Chaque coup de pédale chasse un peu de la noirceur qui s'était accrochée à mes os. Chaque souffle glacé d'avril me rappelle que je suis vivant, que j'ai encore quelque chose à quoi m'accrocher.
Et ce quelque chose, c'est lui.
Je balance mon vélo dans un buisson, sans même ralentir. Mon regard le cherche déjà, affamé, et puis je le vois.
Nathan.
Il est là, assis au bord de la fontaine, le visage offert au soleil. Sa peau reste pâle, trop pâle, mais ses yeux... ses yeux brillent d'une clarté nouvelle, presque insoutenable. Ses cheveux sombres beaucoup plus courts et fins que d'habitude retombent sur son front, et ses taches de rousseur éclatent sous la lumière comme une constellation fragile.
J'en ai le souffle coupé.
— Nathan...
Je me jette sur lui, sans réfléchir, et je serre son corps frêle contre moi. Ses côtes se dessinent sous mes bras, mais il est chaud, il respire, il est là. Son odeur — ce mélange de savon et de lait de toilette — m'envahit et me calme instantanément.
— Mon Nathan...
Il passe ses doigts longs et fins dans mon dos, un geste d'une douceur infinie.

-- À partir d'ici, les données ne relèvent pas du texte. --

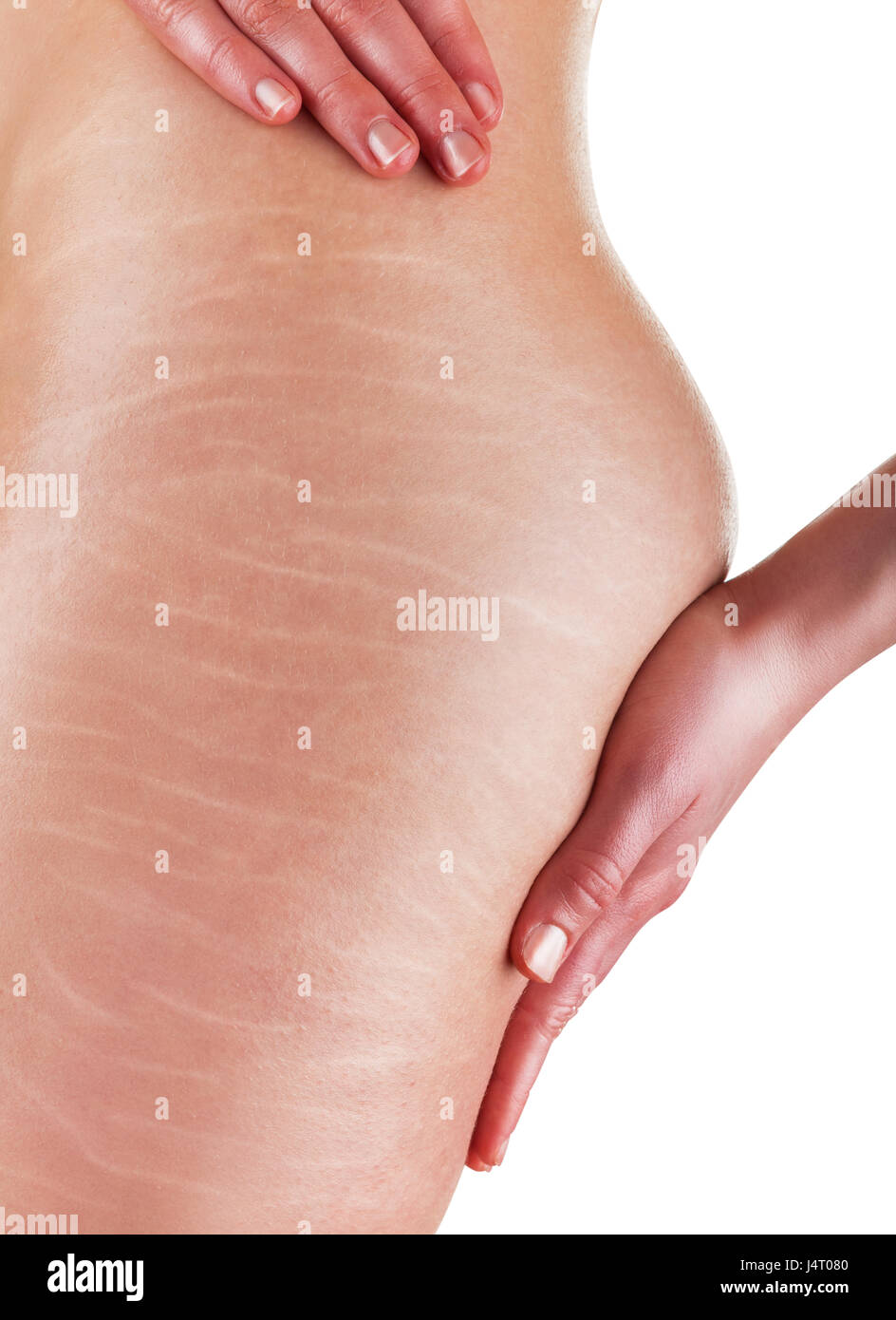 A woman is testing the skin on the thigh for the presence of stretch marks and cellulite Stock Photo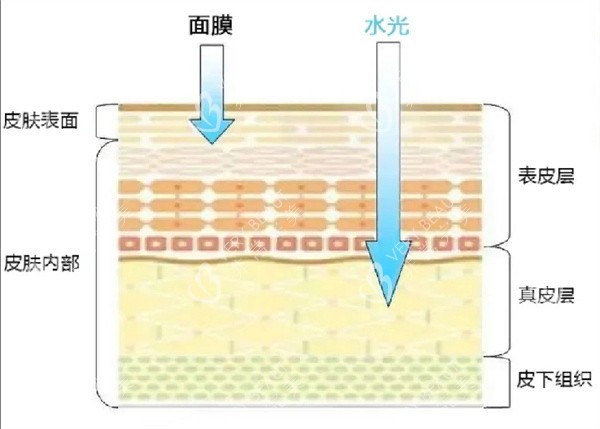 水光注射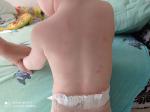 Высыпания на спине и животе у ребёнка фото 2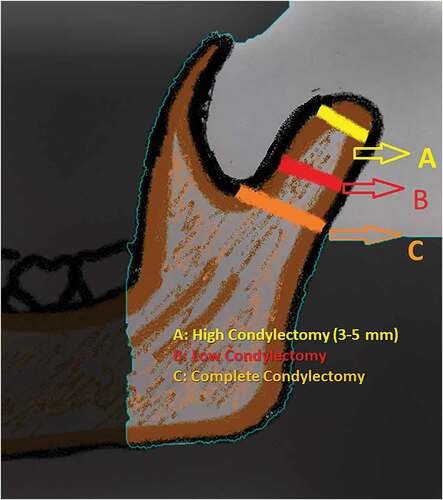 Figure 1. Types of condylectomy procedures based on the level of resection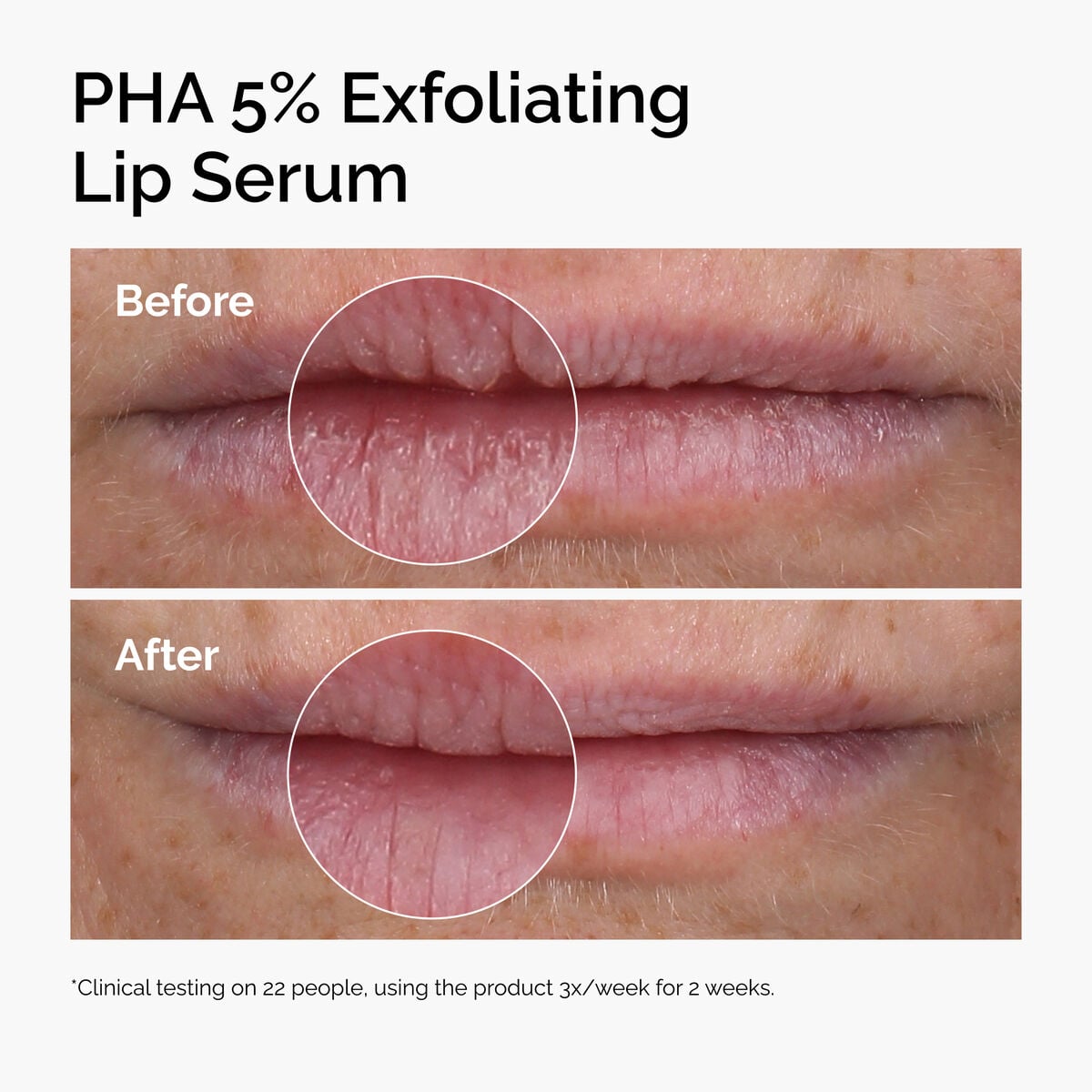 pha-5-exfoliating-lip-serum-f3 ord-pha-5pct-lip-exfoliating-serum-before-after.jpg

— Hey... Gabi. Pleure pas, petit ange.
Petit ange.
Le mot me transperce. C'est la première fois qu'il m'appelle comme ça.
Je le fixe, les yeux ronds, incapable de parler. Il rit doucement, comme pour alléger l'instant :
— C'est pas ma faute si tu as vraiment une gueule d'ange aujourd'hui.
Et c'est vrai que je ne m'en étais pas rendu compte avant, mais en me changeant à la hâte pour venir, j'ai pioché sans réfléchir dans mes fringues claires : une chemise blanche, un pantalon en lin assorti. Moi, qui ne porte jamais de blanc.
Je souffle un rire nerveux :
— Sérieux... on dirait que je sors d'une pub pour lessive. Je suis étonné de pas avoir déjà fait une réaction allergique à cette couleur.
Nathan éclate de rire, son visage soudain illuminé. Il pince ma joue comme un gamin, et je sens mes défenses fondre.
— Le blanc n'est pas une couleur je te signale ! Mais tu devrais t'habiller comme ça plus souvent. C'est comme si je voyais enfin le vrai toi, celui que je suis le seul à connaître depuis toujours. Mais là... là je vois ton cœur, mis à nu devant moi, devant tout le monde.
Ses mots me brûlent. Parce que si seulement il savait. Si seulement il voyait la noirceur qui grouille vraiment en moi, ce démon que je trimballe partout.
Je baisse la tête.
— Tu sais, Nath... je suis pas aussi pur que tu le crois. En ce moment, je me sens... dépassé. Comme si tout m'échappait.
Il me regarde, sérieux, inquiet.
— Comment ça ?
Je me mords la langue. J'ai trop parlé. Si je me confie vraiment, je risque de l'embarquer dans mes ténèbres. Alors je détourne les yeux, je force un sourire maladroit.
— Laisse tomber... T'occupes pas. Désolé. Viens, marchons. Tu m'as tellement manqué. J'étais en manque de toi, mec.
Je vois bien dans ses pupilles qu'il n'est pas dupe. Qu'il a compris que je lui cache quelque chose. Mais il ne dit rien. Il me suit, docile, comme si sa seule présence suffisait à combler mes fissures.
— Tu n'as pas besoin d'en dire plus, Gabi, murmure-t-il. J'ai compris.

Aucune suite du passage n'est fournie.